From a few owners per ounce, it jumped to 542 by this March!
Just check out this remarkable chart:
Look at what’s happening. From the early 2000s to not long ago, the number of “owners” per ounce — people who bought a “paper” gold contract, supposedly backed by real metal at Comex — was basically flat, just a handful of claimants for each ounce.
Plus, there were literally millions of ounces of gold on deposit in Comex. There was gold in the vault, in other words. If you showed up with a contract, you could walk away with gold. That’s how markets ought to work.
Then starting in 2014 and trending to mid-2015, the number of registered “owners” moved strongly up, to about 100 per ounce, and then 300 per ounce. Note that this was also a period when Comex sold down significant amounts of physical inventory, from several million ounces in vaults to well under 1 million ounces.
Most of this gold moved out of the West (London, Zurich, New York) to the East (China, Russia, India, Middle East). It’s gone forever… certainly from the West. It was nice while it lasted.
By late 2015 and now into 2016, registered “owners” against Comex gold spiked to a nosebleed level of 542-to-1. Thus if even one claimant shows up for an ounce of yellow metal, the cupboard will be bare — and there are 541 other claimants as well!
By comparison, your child has about 30 times better odds of applying and getting admitted to Harvard, Yale AND Stanford than does a Comex contract holder have of walking away with one ounce of gold. Good luck with that!
“Uncovered” speculation has gone exponential. There’s lots of “paper” gold and almost no “real” gold, which makes for a high-risk scenario — certainly if you don’t hold gold. It’s high return if you do hold gold. (Feel free to smile if you do.)

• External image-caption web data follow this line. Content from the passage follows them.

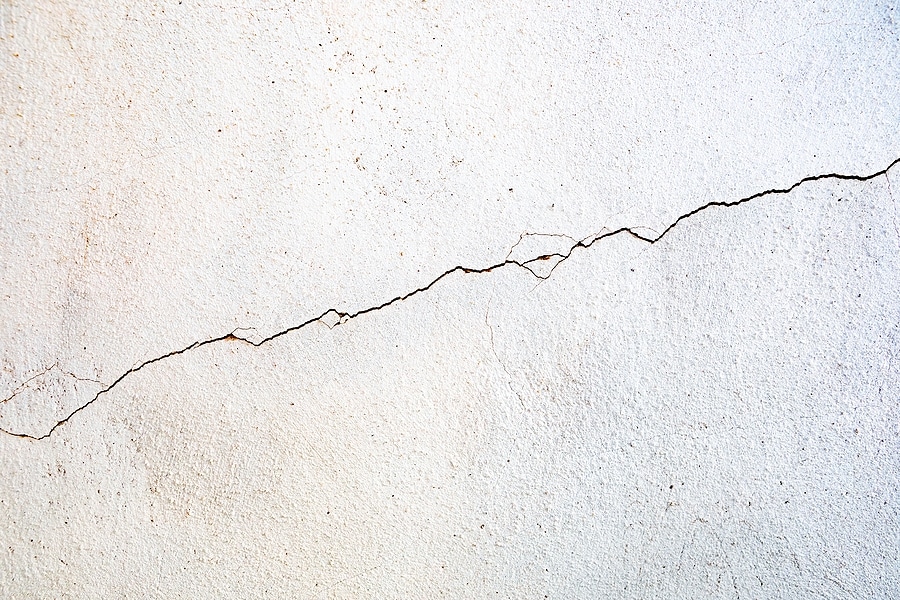 Stucco Cracking – What Does It Mean?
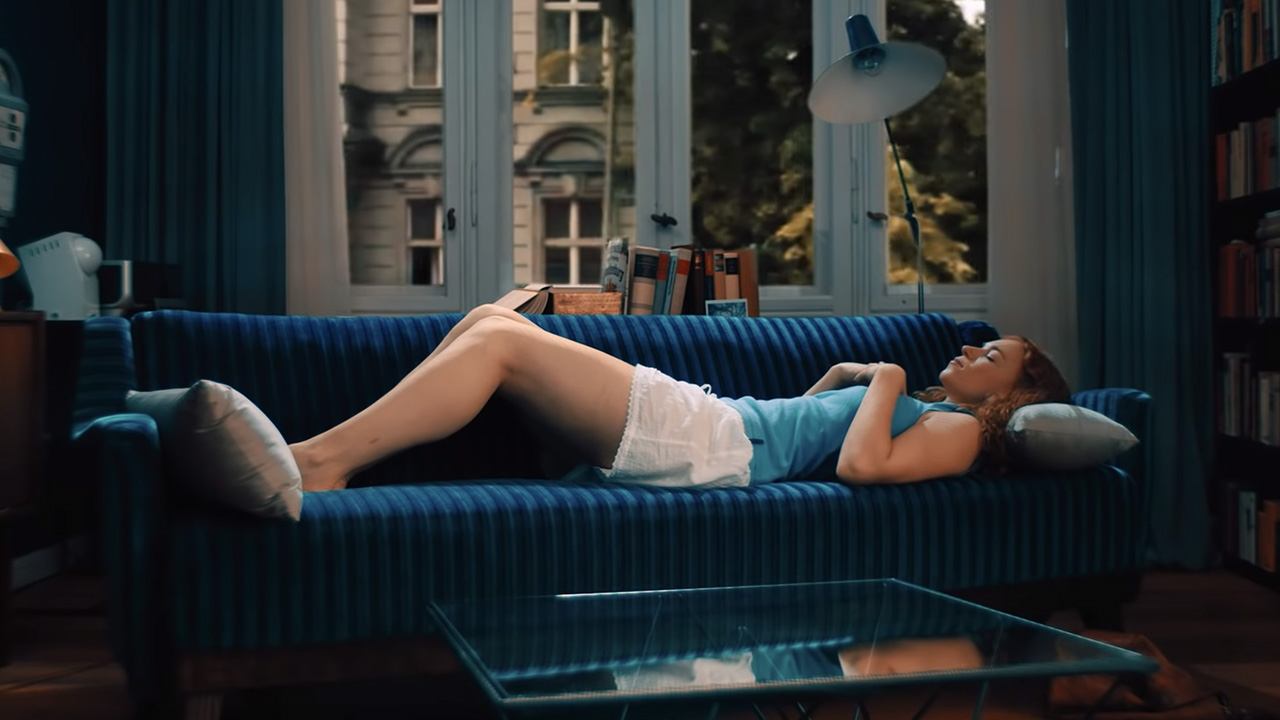 Cleo Movie Screenshot 1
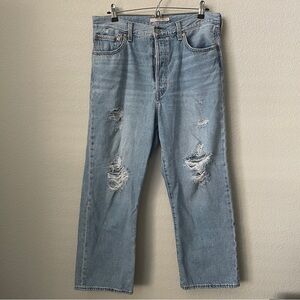 Levi's Light Blue Distressed Rib Cage Strait Ankle Jeans 32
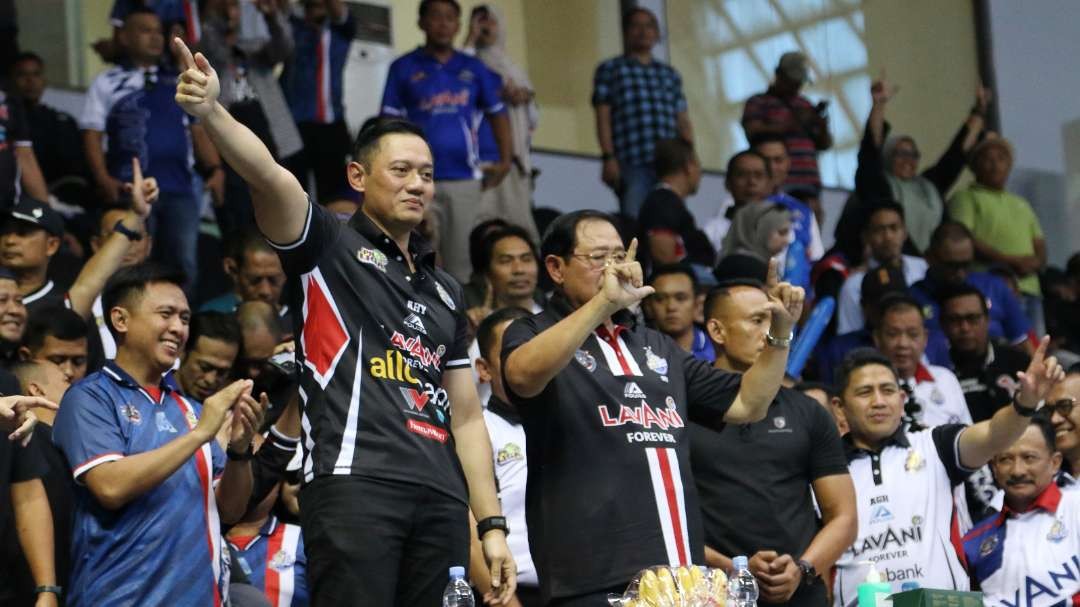 Presiden RI ke-6, Susilo Bambang Yudhoyono dan Agus Harimurti Yudhoyono mendukung timnya Jakarta Lavani Allo Bank Electric pada laga final four Proliga 2024 di Bung Tomo Sport Center, Surabaya, Jumat 5 Juli 2024. (Foto: Fariz Yarbo/Ngopibareng.id)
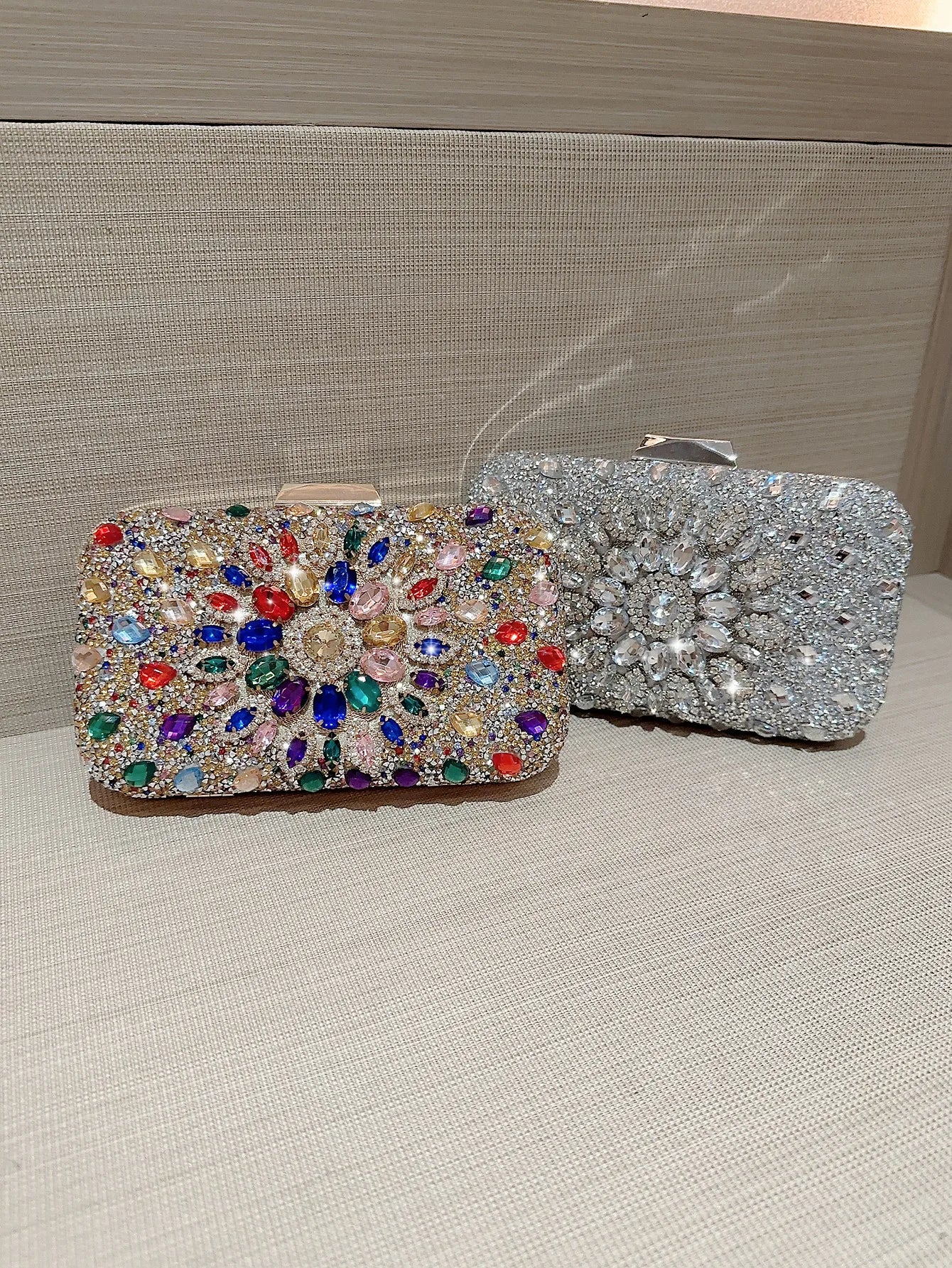 Popular Shiny Rhinestone Diamond Evening Bag | Sophisticated Classy Square Box Clutch | Elegant Beaded Minaudière Dress Bag | Fashion-Forward Rhinestone Chain Bag for Weddings and Galas Luxegan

In essence, all hell has broken loose in gold trading pits. Naturally, the mainstream media (MSM) have not discussed it. No, MSM is too busy telling you how great things are again with Amazon, Tesla, Facebook, etc. That, and how inflation and unemployment are super-duper under control. Economy is growing nicely, thank you… Relax. Go shopping at the mall. Take a cruise. Buy something else you don’t need, with money you don’t have.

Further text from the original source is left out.